Essa descrença num órgão político capaz de assegurar a supremacia do
soberano, por meio do imparcial controle da ordem constitucional
representativa, levava os federalistas a uma segunda alternativa: a de
arquitetar "de tal modo a estrutura interna do governo, que suas várias
partes constituintes possam ser, por suas relações mútuas, instrumentos
para a manutenção umas das outras em seus devidos lugares" (MADISON,
HAMILTON & JAY, 1993:349). O poder político deveria ser fracionado nas mãos
de "um número tão grande de categorias distintas de cidadãos, que tornaria
muito improvável, senão impraticável, o conluio injusto da maioria"
(MADISON, HAMILTON & JAY, 1993:351). Evidentemente, a tradição de uma
multiplicidade de seitas religiosas convivendo harmonicamente num mesmo
espaço pesou de forma decisiva nessa solução de pulverizar o poder político
para garantir a liberdade. Adaptando a Constituição da Inglaterra, tal como
Montesquieu a descrevera, os federalistas preconizavam a construção de um
arcabouço institucional onde os poderes políticos, embora emanassem da
vontade popular, deveriam ser igualmente divididos por especialização e
mantidos em equilíbrio por freios e contrapesos.

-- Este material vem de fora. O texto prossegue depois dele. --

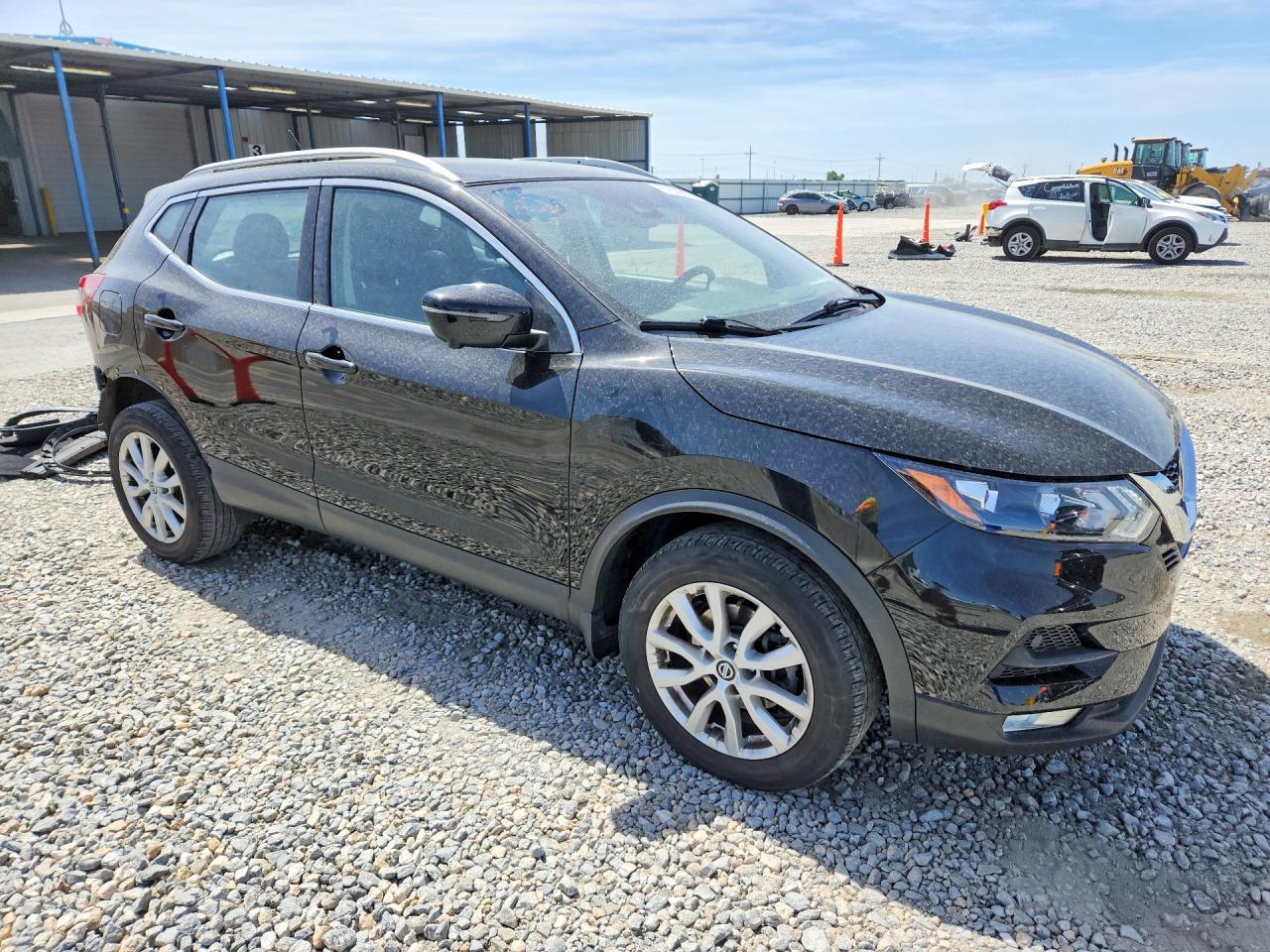 2022 NISSAN ROGUE SPORT SV — снимка 4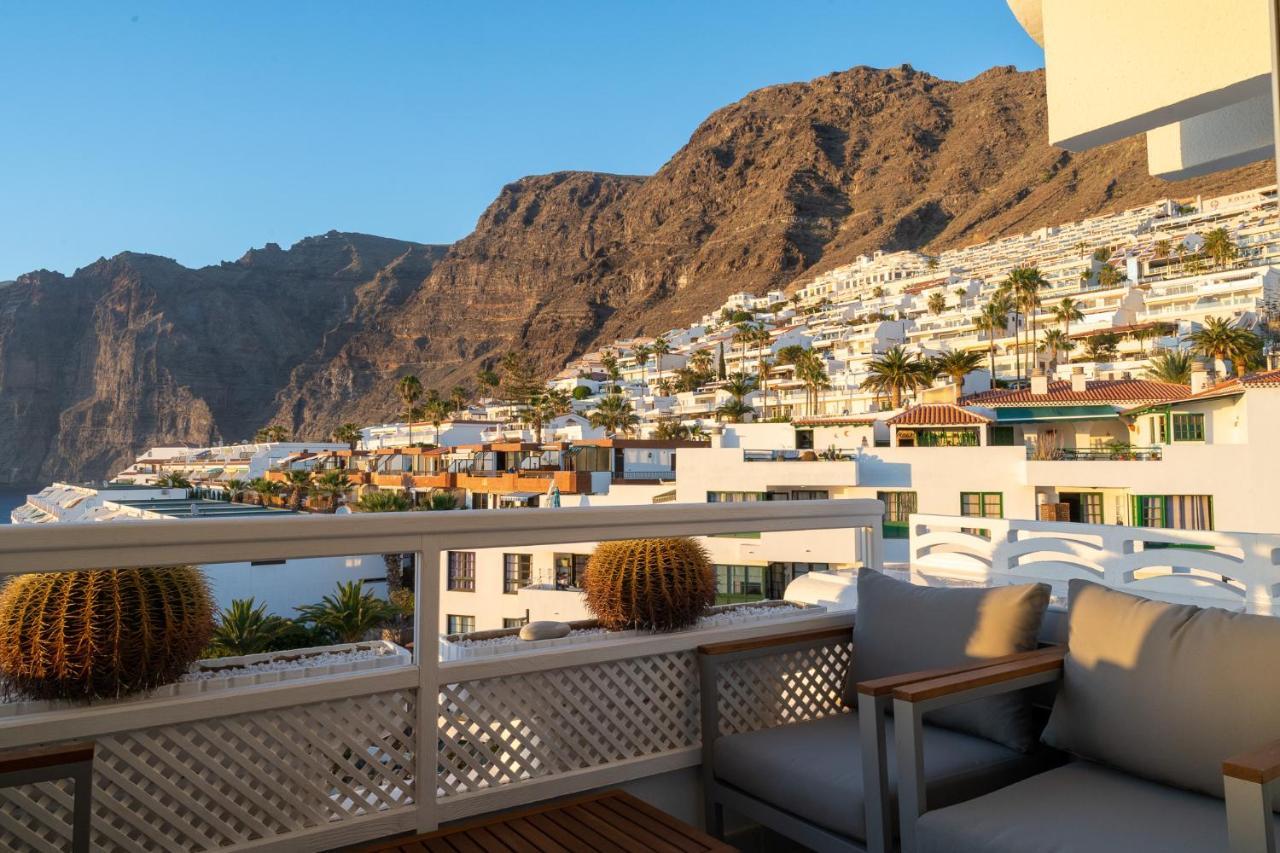 Vistas Sonadas Cerca Del Mar Acantilado de los Gigantes Exteriér fotografie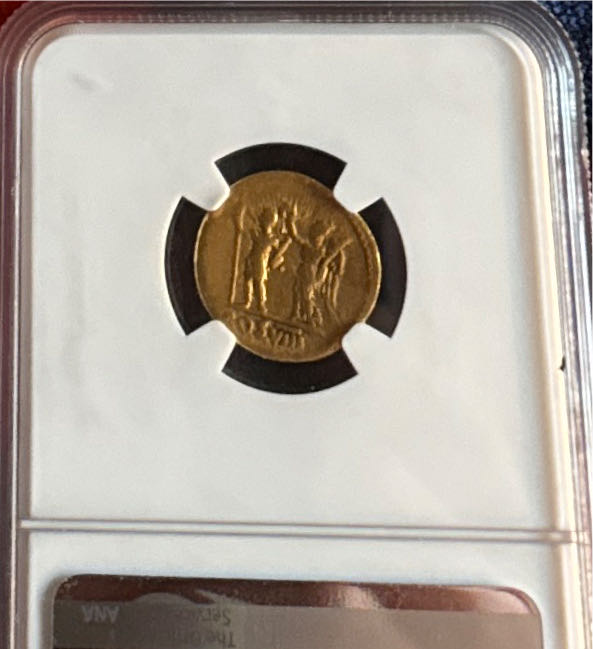 Roman Empire  coin collectible - Main Image 2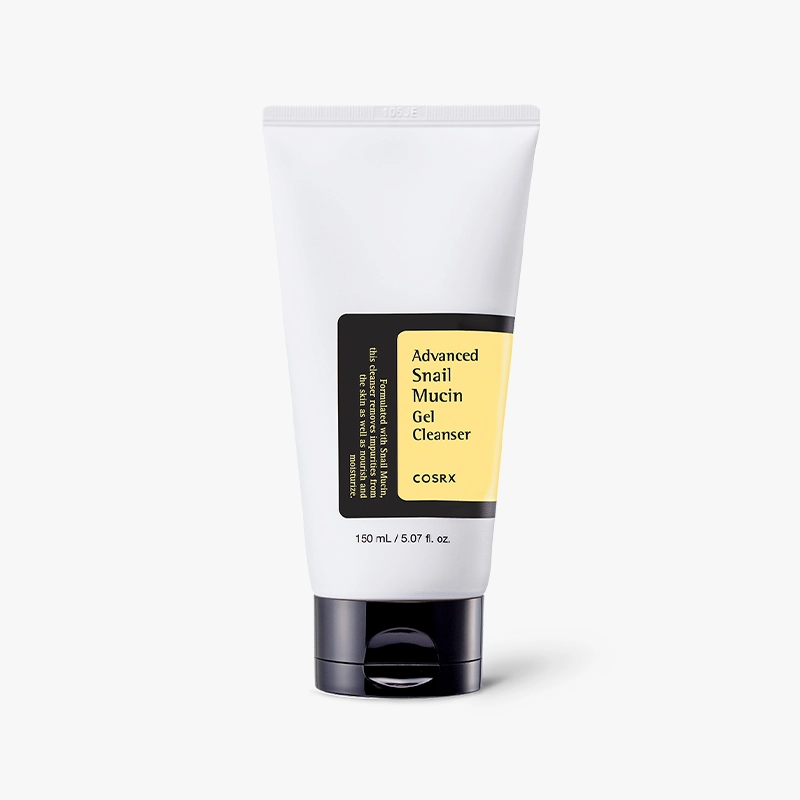 COSRX-Advanced-Snail-Mucin-Power-Gel-Cleanser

"Enquanto toda a autoridade emanará da sociedade e dela dependerá, a
própria sociedade estará fragmentada em tantas partes, interesses e
categorias de cidadãos, que os direitos dos indivíduos, ou da
minoria, serão pouco ameaçados por combinações interesseiras da
maioria. (...) As facções ou partidos serão gradualmente induzidos
(...) a desejar um governo que proteja todas as partes, tanto a mais
fraca quanto a mais poderosa" (MADISON, HAMILTON & JAY, 1993:352).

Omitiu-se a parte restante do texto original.